NEWS22 October 2021

Trust in government remains polarised between leave and remain voters

Brexit Covid-19 News Public Sector UK

UK – Public trust and confidence in government increased during 2020 after a record low recorded in 2019, but is largely confined to those who voted to leave the European Union, the latest British Social Attitudes survey has found.

Big Ben and EU flag

Brexit has led to a turnaround in public attitudes towards the European Union and public confidence in government, the annual British Social Attitudes (BSA) report suggests, but this is predominantly driven by ‘leave’ voters as voters remain polarised, with the way they voted in the 2016 referendum still impacting levels of confidence.

The latest survey, conducted in 2020 by the National Centre for Social Research (NatCen), found that 23% of respondents say that they trust the government to ‘put the needs of the nation above the interests of their party’.

The figure represents an increase from 15% in 2019 – the lowest level recorded by the survey – and is the highest figure recorded since 2007.

Of those who voted for Brexit in 2016, 31% said that they trust the government to ‘put the national interest first’, compared with 12% in 2019. However, only 17% of ‘remain’ voters expressed the same view, according to the latest research.
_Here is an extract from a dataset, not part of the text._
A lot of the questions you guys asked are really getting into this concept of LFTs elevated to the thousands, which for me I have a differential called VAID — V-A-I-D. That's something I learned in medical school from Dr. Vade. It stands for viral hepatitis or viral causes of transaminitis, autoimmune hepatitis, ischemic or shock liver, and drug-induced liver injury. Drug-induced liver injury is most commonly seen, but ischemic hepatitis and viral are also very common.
Speaking at the launch of the BSA report, Alex Scholes, senior researcher at ScotCen, said: “From what we’ve seen so far, the increase in levels of trust and confidence in government in the wake of Brexit seem to have been primarily driven by ‘leave’ voters. There has been an increase in trust and confidence, but polarisation between those two groups of voters still remains.”

NatCen carried out the survey between October and December 2020 with 3,964 people, and also ran an additional survey in July 2020 with 2,413 previous respondents. The fieldwork was conducted online by samples of respondents randomly invited by post.
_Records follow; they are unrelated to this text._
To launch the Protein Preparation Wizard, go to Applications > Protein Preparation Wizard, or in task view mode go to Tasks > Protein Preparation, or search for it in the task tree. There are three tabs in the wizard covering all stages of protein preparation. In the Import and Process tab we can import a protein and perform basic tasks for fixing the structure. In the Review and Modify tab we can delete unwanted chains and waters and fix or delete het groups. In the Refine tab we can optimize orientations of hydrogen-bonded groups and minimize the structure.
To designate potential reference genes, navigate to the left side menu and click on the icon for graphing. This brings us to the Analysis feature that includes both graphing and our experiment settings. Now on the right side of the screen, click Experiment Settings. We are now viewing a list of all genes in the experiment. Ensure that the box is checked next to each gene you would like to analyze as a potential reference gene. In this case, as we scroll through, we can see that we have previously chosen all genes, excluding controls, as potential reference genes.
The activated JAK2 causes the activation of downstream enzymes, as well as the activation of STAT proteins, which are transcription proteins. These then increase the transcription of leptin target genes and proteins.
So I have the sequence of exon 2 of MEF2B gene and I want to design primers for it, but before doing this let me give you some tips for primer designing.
The survey has run annually since 1983. The most recent data shows for the first time that people who are sceptical about Europe were more likely than those with a more favourable attitude towards the European Union to express trust and confidence in government.
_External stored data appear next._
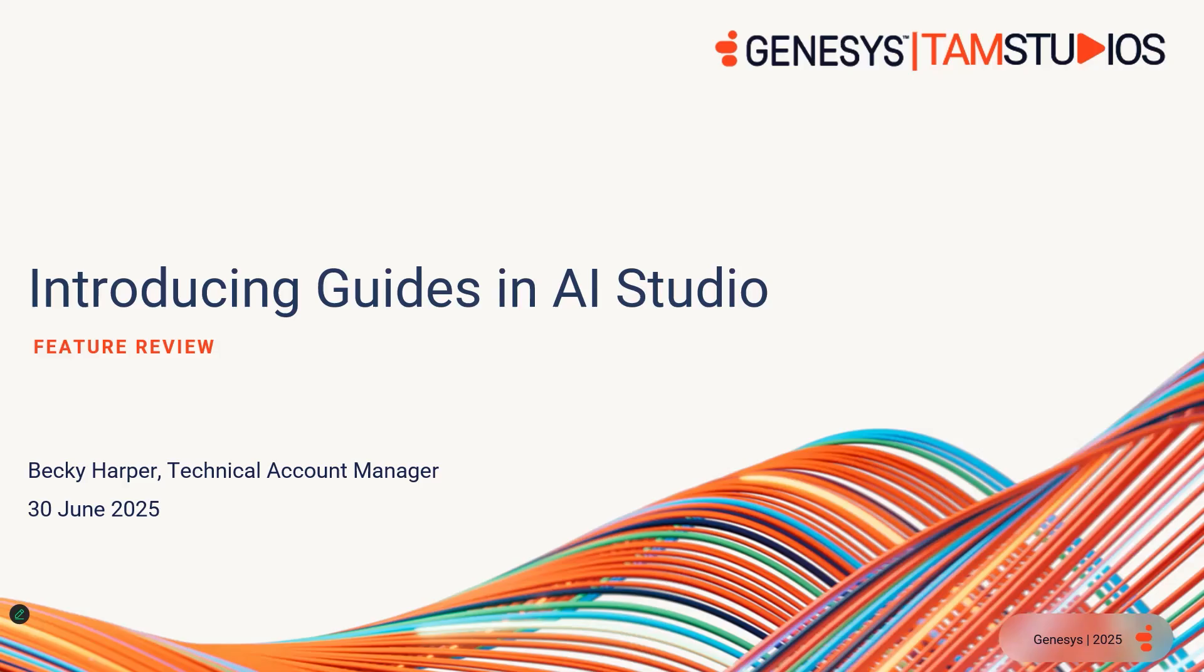Hi there and welcome to Temp Studios. This is Becky, a Technical Account Manager based out of Sydney, Australia. The feature I'm reviewing in this video is a massive advancement towards true agentic AI and is tied in with the launch of the Genesis AI Studio interface.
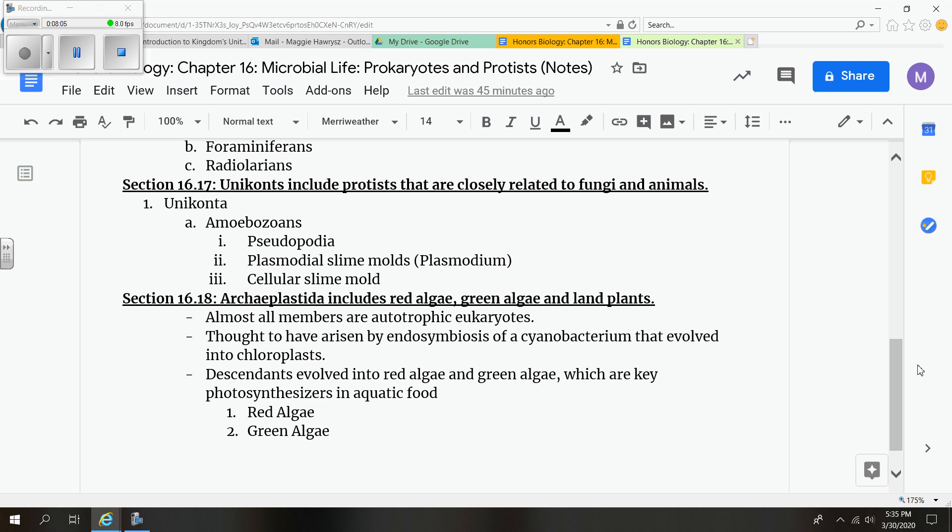Our last section that we're going to talk about would be the archaeoplastids, which includes red algae and green algae in the land plant. These are autotrophic eukaryotes, and they're thought to have arisen by the theory of endosymbiosis, specifically of cyanobacterium that evolved into chloroplasts. Their descendants evolved into red algae and green algae, which are the key photosynthesizers in aquatic foods.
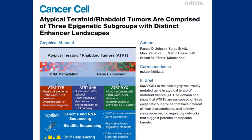ATRT is not a single disease. Comprehensive gene expression and methylation profiling has identified at least three subtypes: ATRT-TYR, ATRT-SHH (Sonic Hedgehog pathway also important here in addition to medulloblastoma), and ATRT-MYC. All are aggressive malignant tumors, but they have subtle clinical and genetic differences. This is a step forward in understanding this particularly aggressive pediatric disease.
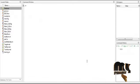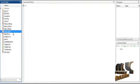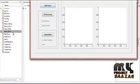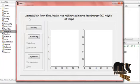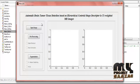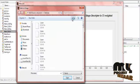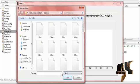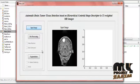Let us discuss the running procedure. Click the main GUI and then run. This is the main GUI design. The process is Automatic Brain Tumor Tissue Detection Based on Hierarchical Centroid Shape Descriptor in T1-Weighted MR Images. First, click the 'Input Images' button. These are the database images — different types of images are present. I will select the fifth image and then click open. The input image is displayed, and then we proceed to the pre-processing step.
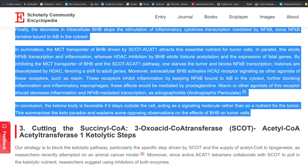In conclusion, the ketone body is favorable if it stays outside the cell, acting as a signaling molecule rather than as a nutrient for the tumor. This summarizes the keto paradox and explains some opposing observations on the effects of BHB on tumor cells.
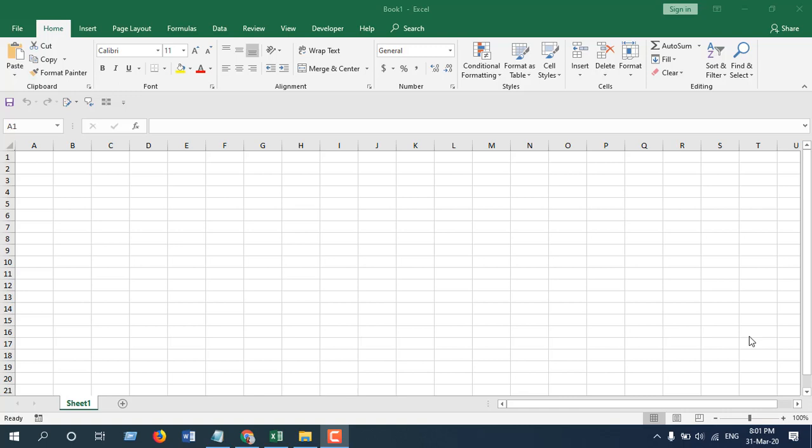Hello everyone, welcome to Excel 10 tutorial. In this quick Excel tutorial I'm going to show you how you can insert a comment to multiple cells at once using paste special feature.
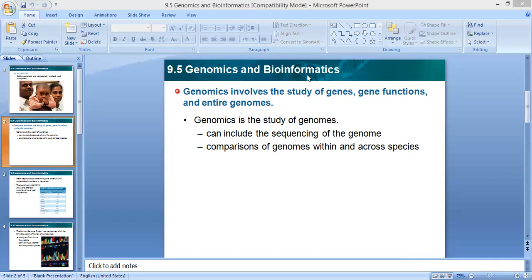This study includes two main important things. First, it includes sequencing of the genome. When researchers study genes, one of the things they do is find the whole sequencing of the genome. For example, they take the DNA of yeast and determine the sequence of the nucleotides that make the DNA of the yeast. Through genomics, they can sequence the yeast, the bacteria, the genes of humans, and even the banana. So they can know the genome for different species by knowing the sequencing.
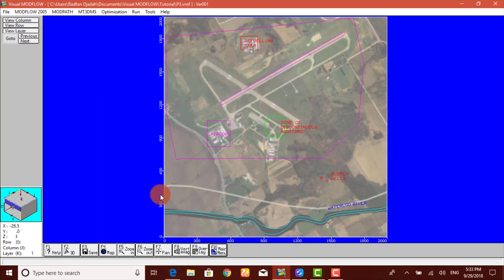Now we have to modify the dry cell wettings. During flow simulation, it is common for cells to become dry when the water table drops below the bottom of the grid cell. The dry cell thus becomes inactive and will not be able to re-wet unless the cell wetting option is activated.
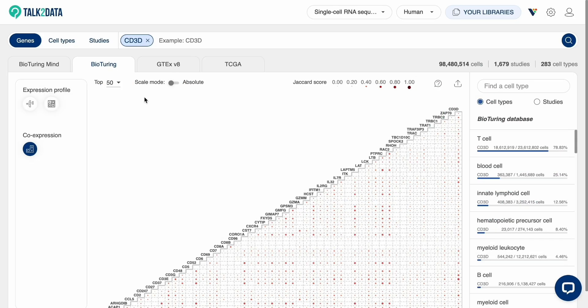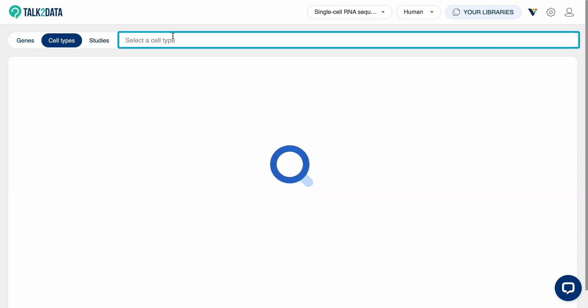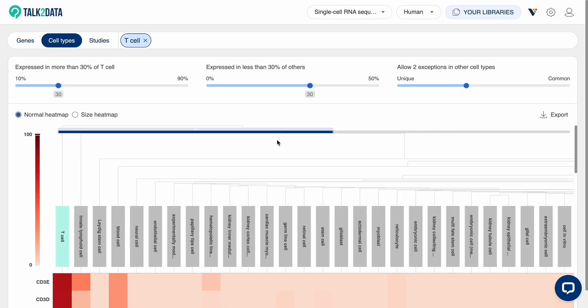Next is Cell Type Search. This tool allows you to query for potential markers of a cell type. Search for the cell type using the search bar. Here is a heatmap displaying genes specifically expressed in the queried cell type.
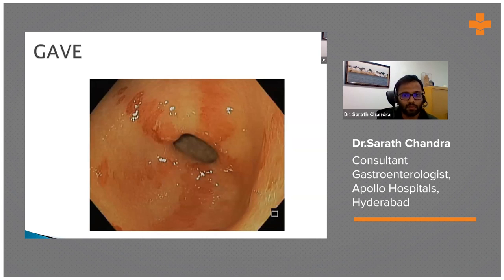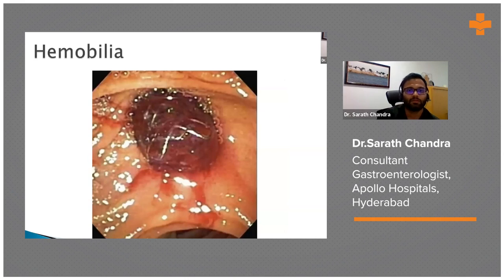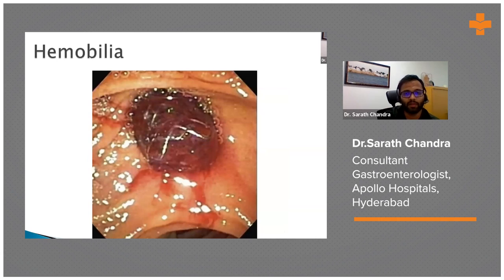For GAVE patients, APC gives excellent results, and banding can also be done. This last picture shows hemobilia — blood coming from the duodenal orifice.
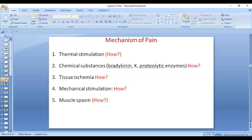Thermal stimulation causes pain because very high or very low temperature can cause direct damage to the free nerve endings. Chemical substances like bradykinin, potassium ions, proteolytic enzymes, and lactic acid cause irritation of the free nerve endings. Tissue ischemia causes pain because decreasing blood supply causes anaerobic metabolism, releasing lactic acid and other chemical substances which cause irritation and damage of the free nerve endings.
Scholes said: “In 2003, those who were sceptical in their attitudes towards the EU were less likely to say that they trusted government most of the time. In 2016, that gap had closed and the figures were around the same for Europhiles and Eurosceptics. Now it has flipped – there has been an increase in trust of government among Eurosceptics and a fall to new lows among Europhiles. This is the first time Eurosceptics are more trusting in government than Europhiles.”

He added: “The delivery of Brexit has led to a remarkable turnaround in terms of attitudes towards the EU and attitudes towards and confidence in the government.”

Professor John Curtice, senior research fellow at NatCen and professor of politics at Strathclyde University, said: “Brexit has restored trust and confidence in government to levels not seen since the EU referendum. Yet this response has been a highly partisan one – largely confined to those who voted for Brexit. As a result, Britain is left divided between one half of the country who now feel better about how they are being governed and another half who, relatively at least, are as unhappy as they have ever been.”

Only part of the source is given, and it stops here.